▶ [Supplied records]:

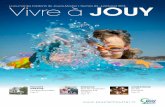 Le journal des habitants de Jouy-le-Moutier | Numéro 83 ...jouylemoutier.fr/sites/default/files/VAJN°83 - Juillet-août 2018.pdf · 4 vendredi 13 juillet céLéBRatiON Offrant une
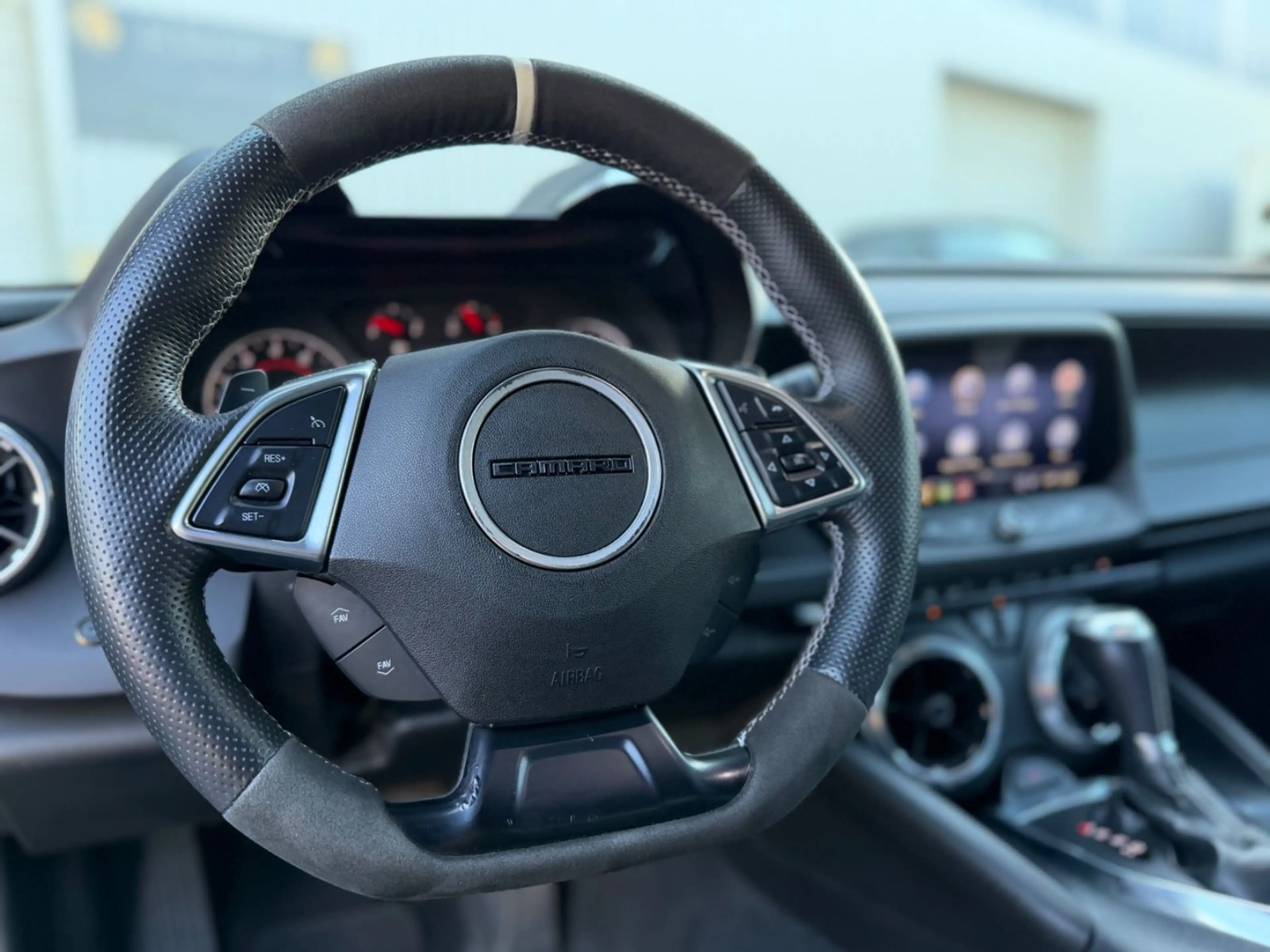 Chevrolet Camaro CAMARO 3,6 RS "ZL1 PAKET"LED-MEGA-GARANTIE — photo 15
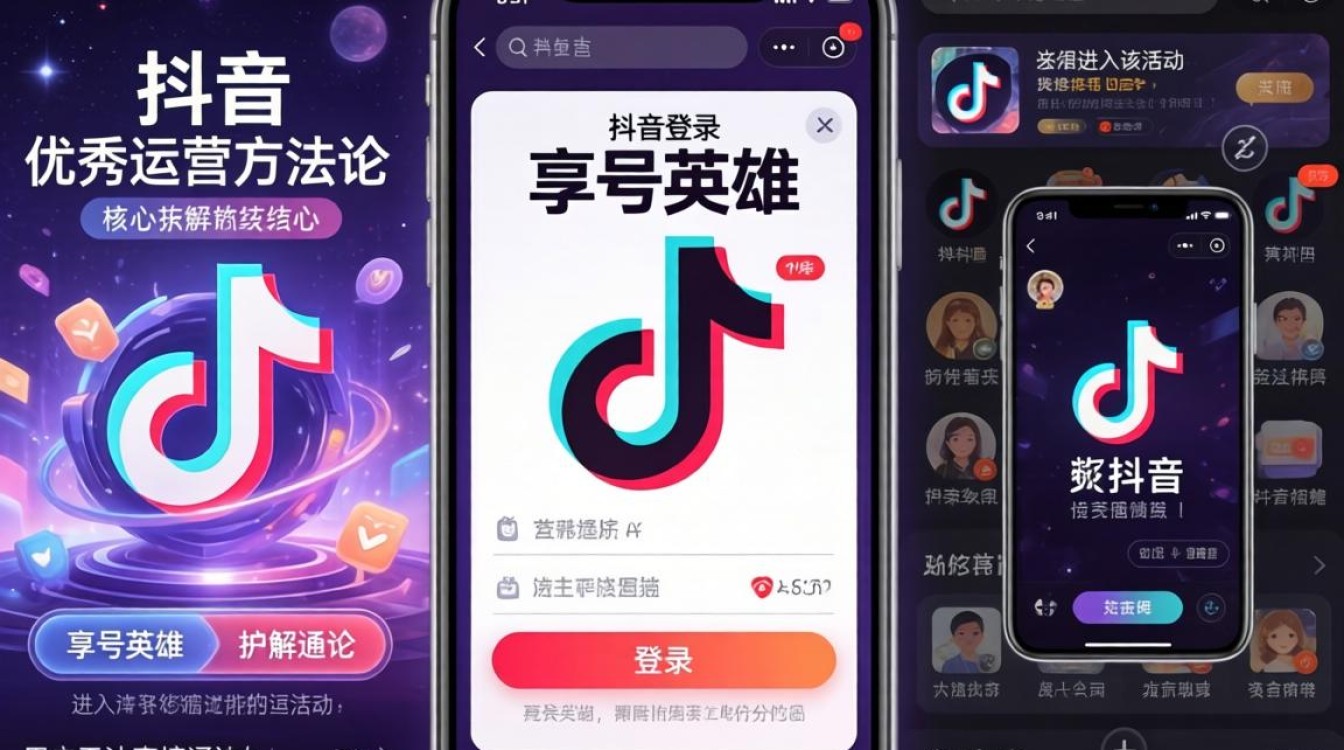 抖音登入头号英雄入口在哪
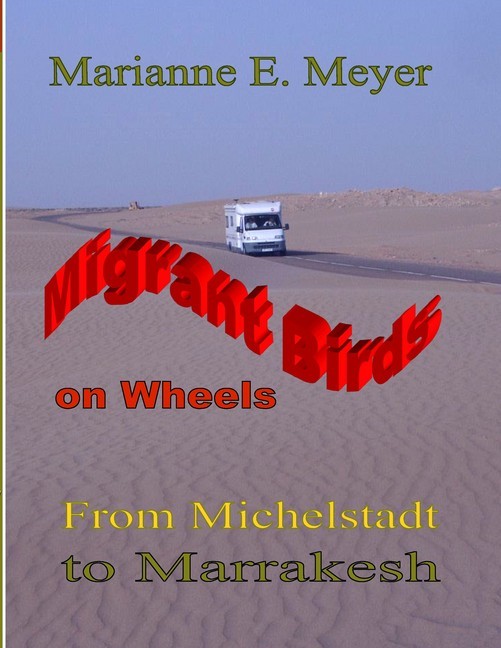 Migrant Birds on Wheels main product photo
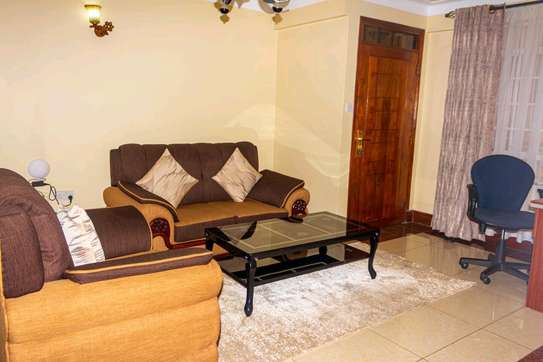 2bedroom fully furnished and serviced in Westlands image 13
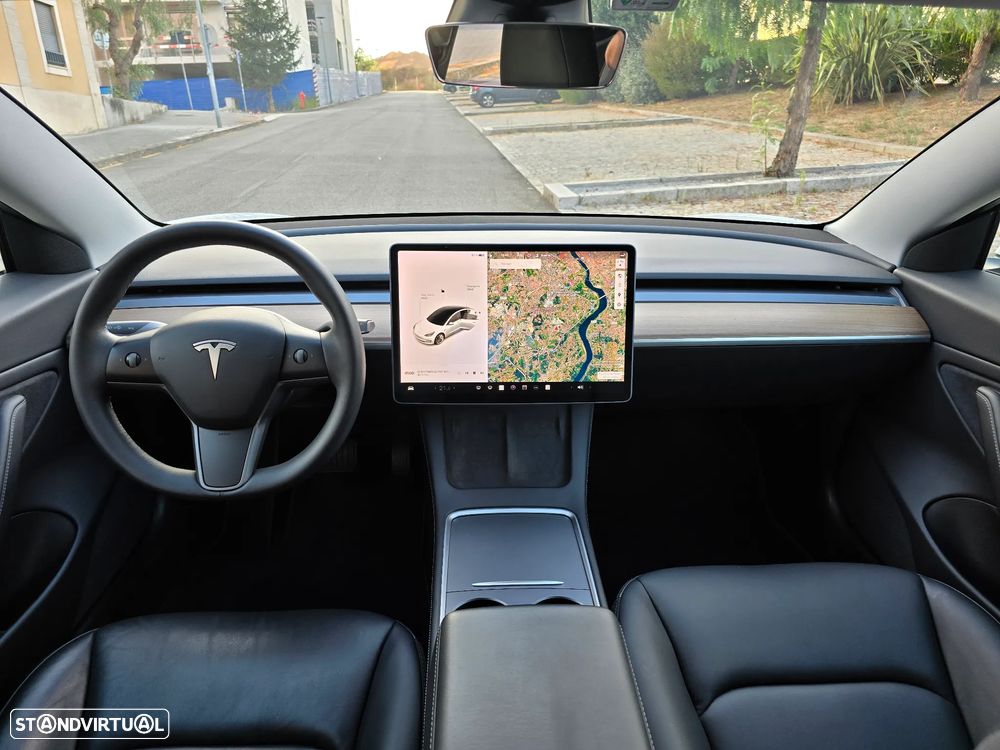 Tesla Model 3 Long Range Tração Integral - 6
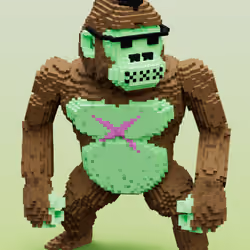 CyberKong VX #190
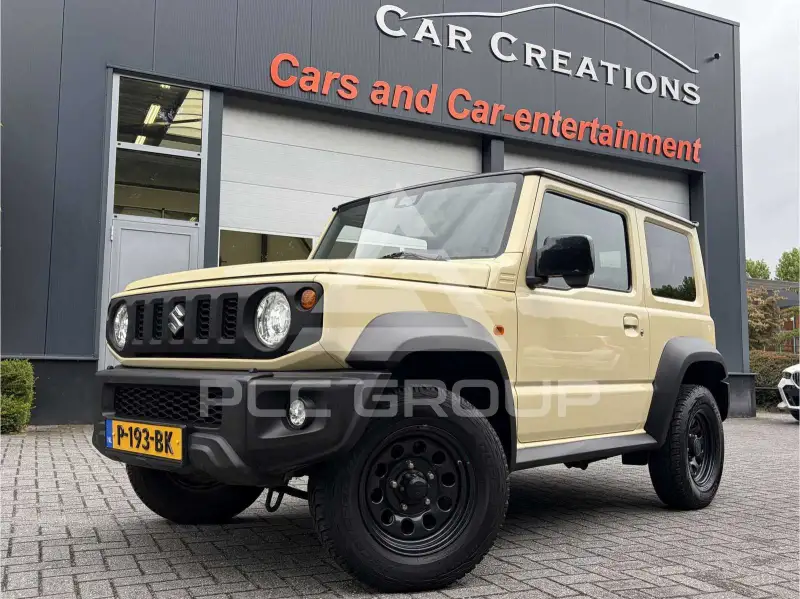 2019 Suzuki Jimny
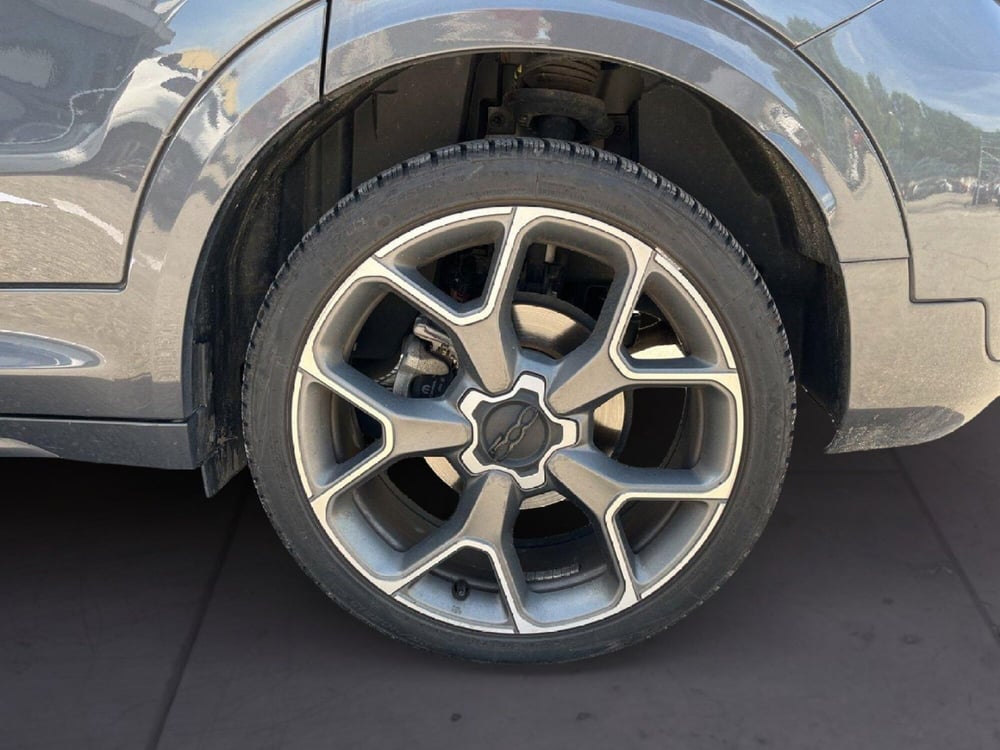 Fiat 500X usata a Torino (8)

▶ [Exercise directions]:
From the line with "CyberKong VX #190" down to the last line of the entries above, set down every line exactly, apart from the pictures.

▶ [Solution for this exercise]:
 CyberKong VX #190
 2019 Suzuki Jimny
 Fiat 500X usata a Torino (8)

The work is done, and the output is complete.